A behind the scenes look at video production and editing

Here at 20/20 Productions, we’ve been creating moving image for a variety of organisations for almost 30 years. We’ve picked up a thing or two along the way, so we thought we’d give you a behind the scenes look at our video production and editing process.

Here’s what we do to make our clients’ video content stand out…


When it comes to producing videos, the very first stage is arguably the most important: planning.

Before even picking up a camera or a graphics tablet, we make sure we’re absolutely certain of the purpose of the video. Sure, interesting shots and new techniques are great to have, but if the video isn’t doing what it’s supposed to, then it’s not much use.

Whether it’s raising awareness, encouraging viewers to take action or simply to entertain, understanding the reason behind the creative is crucial to its success.

After that, planning the shots becomes a little easier because you know what you’re looking for. Our production team likes to plan out how they will get across the basic messaging of the video, and any shots necessary to convey this – whether this is through shooting film or through animation.

Sometimes, at a shoot, you might not have total control over events – for example, at a live event or outside location, you might not know the exact conditions you will be filming in, or what interviewees are going to say. However, by understanding the sort of message the client wants to get across and the possible ways we could go about achieving this, we are much better prepared to shoot a successful programme.

Using the right equipment

Any video production company worth their weight will have high quality filming equipment at their disposal. This is to make sure the end product looks as professional as possible.

At 20/20 Productions we’re big fans of the Canon C300 Mk 2 camera for the 4k quality and cinema lens choices, as well as its neat size and flexibility.  For animation, we use After Effects and Cinema 4D along with Final Cut Pro X, because they are the best tools out there – and we want the very best for our customers.

Of course, we’re never too far from the latest technologies - we like to make a point of investing in the equipment that will keep our work at the cutting edge. Recently we used Go Pro minicams, drones and timelapse to film the stunning Scottish countryside for a client. The results were amazing, and helped to convey the intended message much better than could have been achieved with a single camera.


Once we know what we want to get across, we then set about making the story as interesting and engaging as possible – both from a narrative and visual perspective.

Good film makers will almost always avoid the literal route wherever possible – why spell something out when you could illustrate it, conveying the same message, but in a much more captivating way? Using metaphors and abstract situations are successful approaches.

A tip we often keep in mind is to consider the subject and then brainstorm how we can show a different side of it. The approach is not always the same – we might use an alternative vantage point, an unusual technique or speak with our client to draw out a side of their story that’s not been told before.

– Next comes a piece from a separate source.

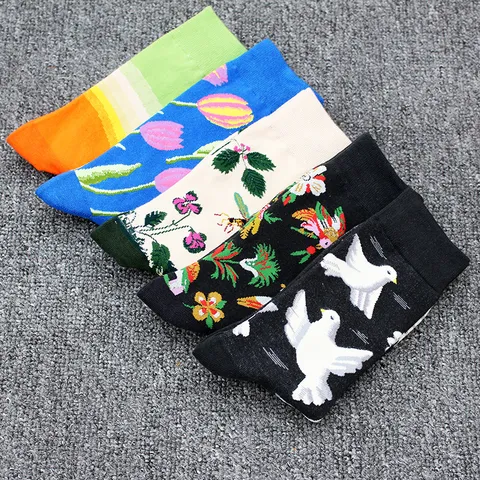 Unisex Cotton Mid Tube Socks Trendy Street Style Floral Bird Print Skateboard Sports Casual Socks For Men And Women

Whatever the chosen method, the most important thing to ensure in a creative video is to always ask the question, ‘what can I do to keep the viewer watching?’


In his book on creativity, Zig Zag author Keith Sawyer argues that creativity is actually enhanced by constraints. There’s no greater example of that than in the edit suite, where you are limited to the footage that was shot on the day.

We see the edit as an opportunity to re-tell the story in the most dynamic way – and it can get pretty ruthless. If it’s not engaging or if it’s not adding to the narrative – cut. If it can be conveyed more concisely – cut. If it can be picked up elsewhere in the film, or explained through context – cut.

When editing, we get to make sure we’re not patronising our audience by telling them what they already know, or can easily discern. This way, our video content is more dynamic, and encourages active rather than passive viewing – making it a lot more memorable.

By working with an experienced video production team, you can be sure your audience hears (and sees) whatever you want to communicate - loud and clear.

Looking for video production support? Get in touch with 20/20 Productions.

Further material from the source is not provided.